I'd like to start a middle man business nothing in the service industry like
most types of businesses, basically buying something in bulk and distributing
to places. I know what I'd chose but I'm sure there are other types of things
that I can distribute..I don't know what though.Also need more resources and
connections, and I have no access to that. What are some things that I can buy
and sell in bulk?

>Well, you're here so that means you are able to contact a lot of people that
do have connections, and that's probably almost as good.

This is exactly what I'm here, I know this place is a host to some highly
intelligent and successful people. In fact, I'd be glad to help someone for
free just to see what they do and how things work. However, I believe most
people run software/website type of business, which is something I'm highly
interested in.

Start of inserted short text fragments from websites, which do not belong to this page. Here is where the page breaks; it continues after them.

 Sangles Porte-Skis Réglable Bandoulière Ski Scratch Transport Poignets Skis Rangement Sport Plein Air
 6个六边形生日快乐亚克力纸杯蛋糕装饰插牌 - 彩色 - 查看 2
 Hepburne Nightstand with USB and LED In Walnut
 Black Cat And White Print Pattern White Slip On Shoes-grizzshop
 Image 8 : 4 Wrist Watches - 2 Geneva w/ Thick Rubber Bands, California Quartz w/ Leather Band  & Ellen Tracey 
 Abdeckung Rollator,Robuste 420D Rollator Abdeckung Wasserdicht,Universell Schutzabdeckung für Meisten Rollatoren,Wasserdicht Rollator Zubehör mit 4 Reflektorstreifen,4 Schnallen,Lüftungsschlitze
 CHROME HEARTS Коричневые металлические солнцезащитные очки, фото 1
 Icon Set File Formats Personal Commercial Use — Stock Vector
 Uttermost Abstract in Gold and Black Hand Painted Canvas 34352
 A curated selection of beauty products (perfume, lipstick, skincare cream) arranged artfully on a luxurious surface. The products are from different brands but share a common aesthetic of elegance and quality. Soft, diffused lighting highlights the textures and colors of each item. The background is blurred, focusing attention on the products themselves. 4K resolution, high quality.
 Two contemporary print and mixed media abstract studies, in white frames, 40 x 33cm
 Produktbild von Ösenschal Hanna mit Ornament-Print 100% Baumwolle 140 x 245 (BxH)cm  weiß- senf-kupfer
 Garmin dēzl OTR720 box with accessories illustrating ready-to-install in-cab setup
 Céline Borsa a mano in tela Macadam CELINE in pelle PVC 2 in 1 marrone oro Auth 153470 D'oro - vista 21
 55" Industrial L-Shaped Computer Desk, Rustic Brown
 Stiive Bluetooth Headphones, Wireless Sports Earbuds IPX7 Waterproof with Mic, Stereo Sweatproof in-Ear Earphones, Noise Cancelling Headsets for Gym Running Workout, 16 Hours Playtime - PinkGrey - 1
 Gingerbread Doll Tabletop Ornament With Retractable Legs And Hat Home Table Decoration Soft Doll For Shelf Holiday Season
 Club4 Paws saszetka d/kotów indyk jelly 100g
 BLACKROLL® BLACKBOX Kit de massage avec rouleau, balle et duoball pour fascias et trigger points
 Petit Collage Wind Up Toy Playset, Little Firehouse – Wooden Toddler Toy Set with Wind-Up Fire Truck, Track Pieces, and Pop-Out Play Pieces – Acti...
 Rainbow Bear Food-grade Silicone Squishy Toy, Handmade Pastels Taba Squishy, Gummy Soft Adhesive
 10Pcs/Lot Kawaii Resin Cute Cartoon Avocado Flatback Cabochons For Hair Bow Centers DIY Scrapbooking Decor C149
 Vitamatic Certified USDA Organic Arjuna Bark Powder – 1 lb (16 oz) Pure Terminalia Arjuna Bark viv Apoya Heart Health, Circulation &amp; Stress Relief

I have no one that is even remotely close to "tech savvy" to
own something like this

>What interests you? Are there skills associated with that that you might want
to learn? I have skills I think, but I don't know what they're pertinent to
because I don't know the opportunities are.

>So go to work for someone that owns a business! I guess I'll just go to those
office complexes and ask? Would that be a good idea? Or if anyone here would
like to show me what they do I'd be glad to help for free.

------
ScottWhigham
> I have a fair amount of capital to start with..

Shhhhh. Don't tell people that. You don't seem to be in a place right now
technically or otherwise where that should come up. A naive, inexperienced,
yet want-to-be entrepreneur and his money are soon forever parted.

And I say that in the nicest way possible :)

Go buy some books. Take a class on entrepreneurship. Invest your "fair amount
of capital" in a business degree.

------
gte910h
You need to run a SMALL business first

Keep 90% of that capital OFF LIMITS, and make a run at something with the
other 10%.

This is a "learn by doing" type of thing.

Build a website, do affiliate marketing, etc, something low investment to
start, and read read read read and more reading.

------
mike-cardwell
I don't see how you can start a business without skills or ideas. Unless
you've got lots of money... I'd suggest getting one or more of those three
things as a start.